TSMC 2026 Roadmap Reveals A12 (1.2nm), A13 (1.3nm) and N2U Nodes

On April 22, TSMC presented a four‑year roadmap (2026‑2029) at its North America Technology Forum, directly naming the upcoming A12 (1.2 nm) and A13 (1.3 nm) process nodes and introducing a new member of the N2 family, N2U. The most striking claim is that all new nodes through 2029 will be manufactured without the costly High‑NA EUV lithography system.

Strategic shift : Historically, TSMC’s most advanced processes were driven by mobile‑phone requirements—optimizing power, area and cost. The surge in AI, large‑model training, and high‑performance computing (HPC) has outpaced consumer‑device demand. Rather than a single "one‑size‑fits‑all" upgrade path, TSMC now splits its advanced node development into two parallel tracks:

Mobile track : Annual node refresh, emphasizing stability, cost‑effectiveness, and compatibility ("steady, cheap, fast iteration").

AI/HPC track : Biennial node refresh, prioritizing maximum performance regardless of cost ("strong, extreme, no limits").

For the mobile‑oriented track, the roadmap stresses "stability, cost, compatibility". All nodes—N2, N2P, the newly announced N2U, and the upcoming A14 (2028) and A13 (2029)—focus on IP reuse and design compatibility, delivering incremental energy‑efficiency gains with minimal design changes.

N2U details : Marketed as an "extended‑life" version of the N2 family, N2U offers 3‑4 % higher performance at the same power, 8‑10 % lower power at the same speed, and a 2‑3 % increase in logic density. Customers can adopt N2U without redesigning their chips, making it ideal for mid‑range product cycles.

A13 vs. A14 : A13 is described as a "refined" version of A14, using optical shrink to reduce chip area by about 6 %, with modest gains in density and energy efficiency while remaining fully compatible with existing IP, thus protecting earlier investments.

AI/HPC extreme‑performance lane : The upcoming A16 node will be the first to use the SPR (Super Power Rail) that moves the power delivery network to the backside of the die, freeing the front side for signal routing and solving the "power‑delivery bottleneck" of large‑scale AI chips.

Production timelines have been adjusted: the originally planned 2026 mass production of A16 is now pushed to large‑scale volume in 2027, aligning better with customer product cycles. The roadmap culminates in 2029 with the A12 node (1.2 nm), featuring second‑generation GAA nanosheets and NanoFlex Pro technology that simultaneously shrinks front‑ and backside dimensions, delivering a leap in performance, density, and power across all nodes and directly challenging the advantage gap between A14 and N2.

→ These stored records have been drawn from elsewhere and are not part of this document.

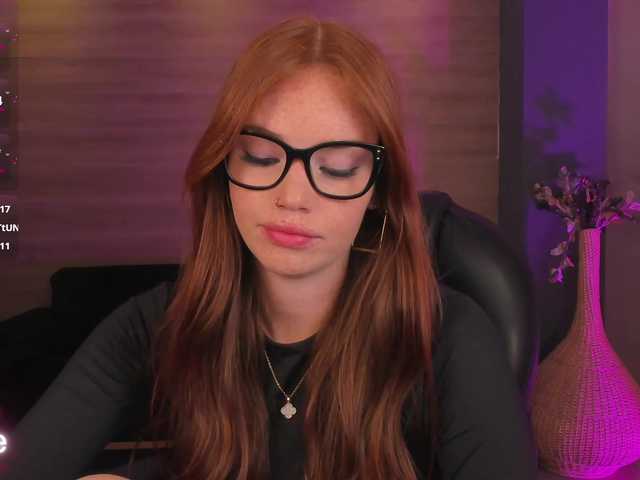 CorinneRusso's BongaCams show and profile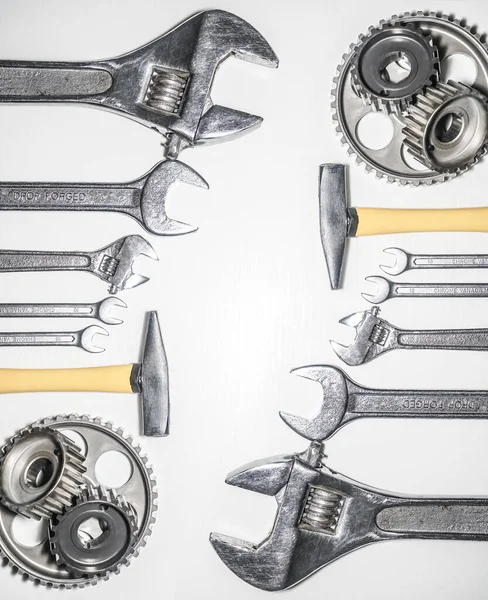 Werkzeug Aus Eisen Auf Einem Hölzernen Tischhintergrund Leerer Kopierraum Für — Stockfoto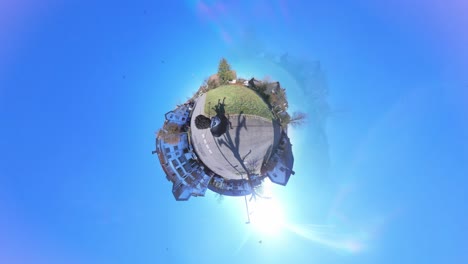 Kleiner-Winziger-Planet-360-Kleine-Weltansicht-Eines-Mannes,-Der-In-Der-Nähe-Einer-Straße-Geht,-Mit-Musikvideo-Brenneffekt-In-4K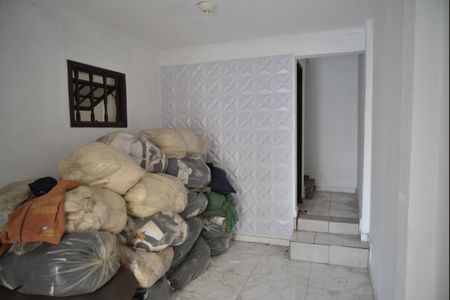 Sala de casa para alugar com 2 quartos, 220m² em Jardim Santo Alberto, Santo André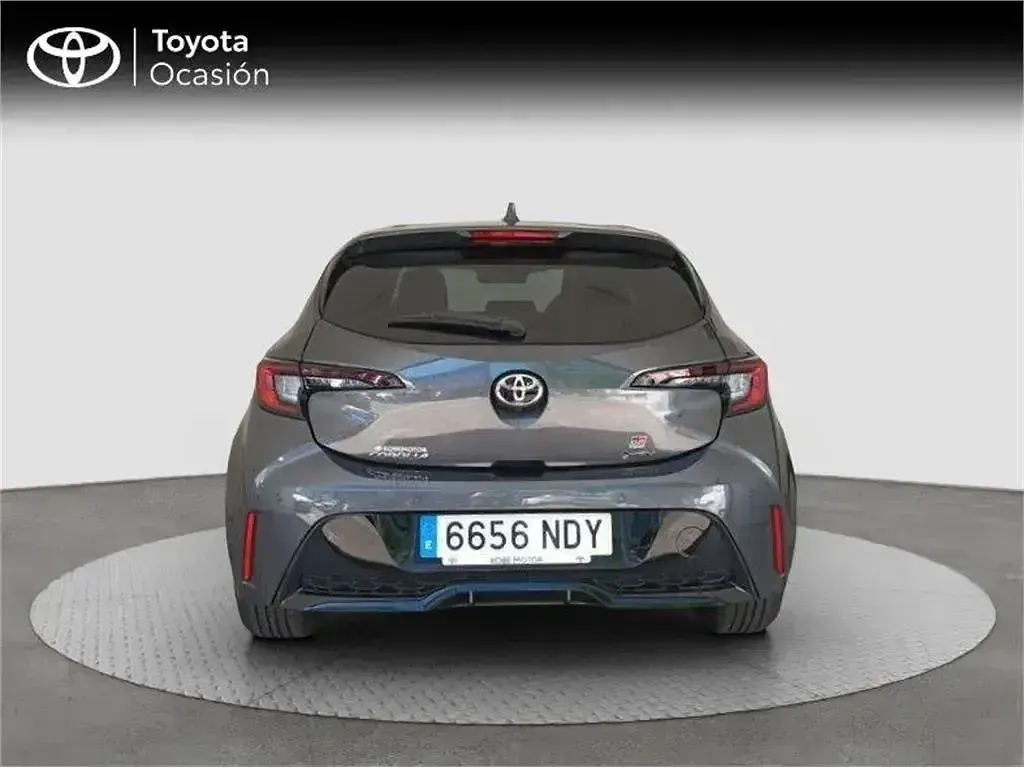 Usado Toyota Corolla Sport 140 CV (102 kW) 2025 Gris Monovolumen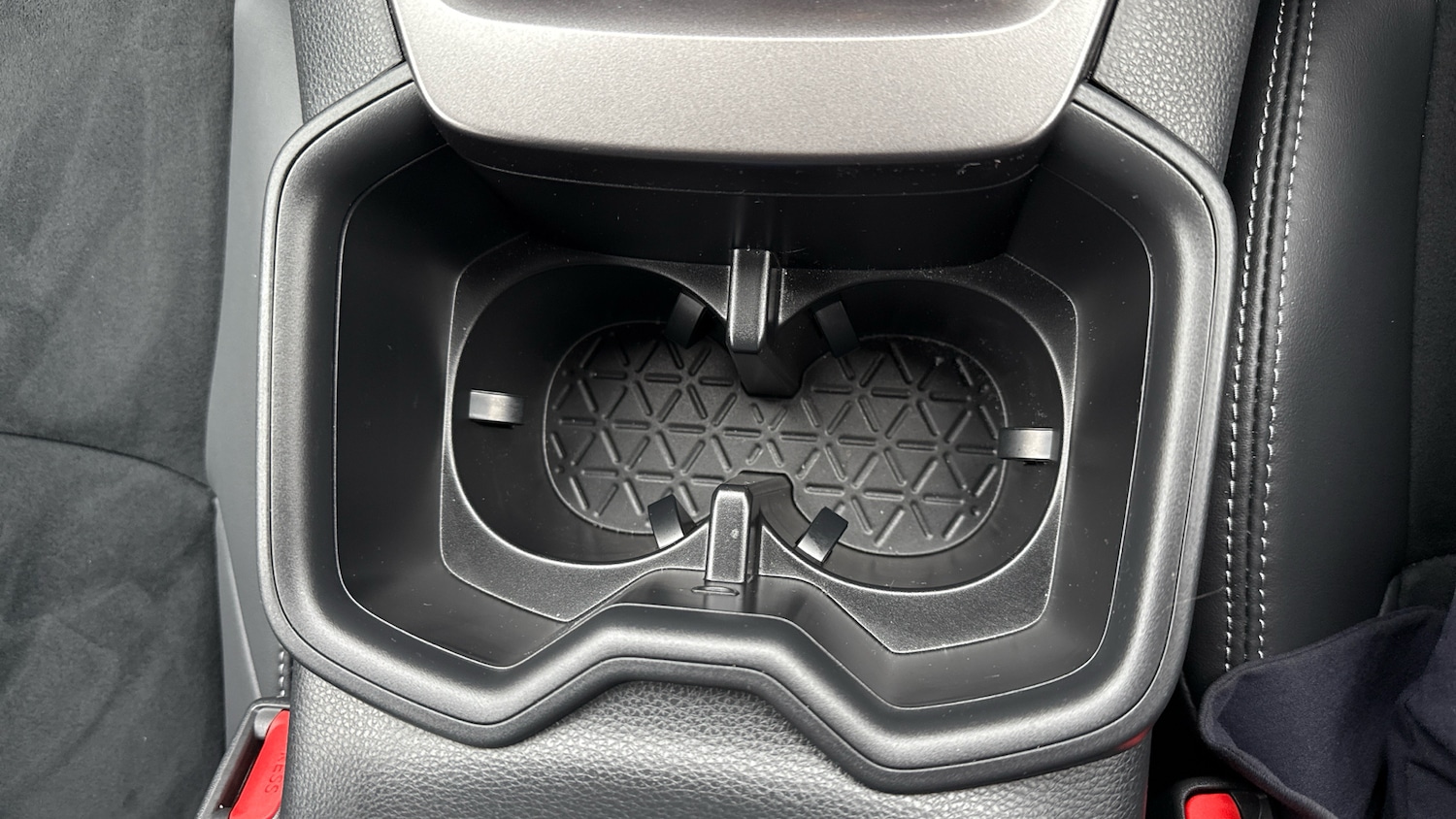 Used Toyota RAV4 2025 for sale - 76948185: Photo 29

High‑NA EUV stance : TSMC explicitly stated that it will not adopt High‑NA EUV equipment—costing close to $400 million per unit—through 2029. Executives emphasized that continued improvements in conventional EUV, DTCO (Design‑Technology Co‑Optimization), optical shrink, and architectural tweaks are sufficient to sustain scaling without the heavy cost burden.

The overall narrative shows TSMC’s clear industry judgment: AI is the foundational workload, not a fleeting trend, and advanced processes will be supplied on a demand‑driven basis. Mobile chips continue to prioritize stability and cost, while AI/HPC chips chase raw performance, allowing TSMC to maintain its foundry leadership across both markets.